◆ Input data:

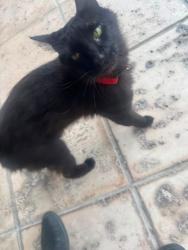 Reunited Unknown Cat last seen Near westmonde dr, Altamonte Springs, FL 32714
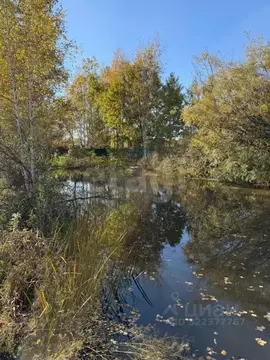 Участок в Хабаровский край, Хабаровский район, Тополевское с/пос, ...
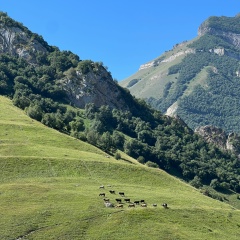 Алия Тиджара, 29.05.1983, Ижевск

◆ Exercise: Output the material above word for word. Leave out its images.

◆ Solution for this task:
 Reunited Unknown Cat last seen Near westmonde dr, Altamonte Springs, FL 32714
 Участок в Хабаровский край, Хабаровский район, Тополевское с/пос, ...
 Алия Тиджара, 29.05.1983, Ижевск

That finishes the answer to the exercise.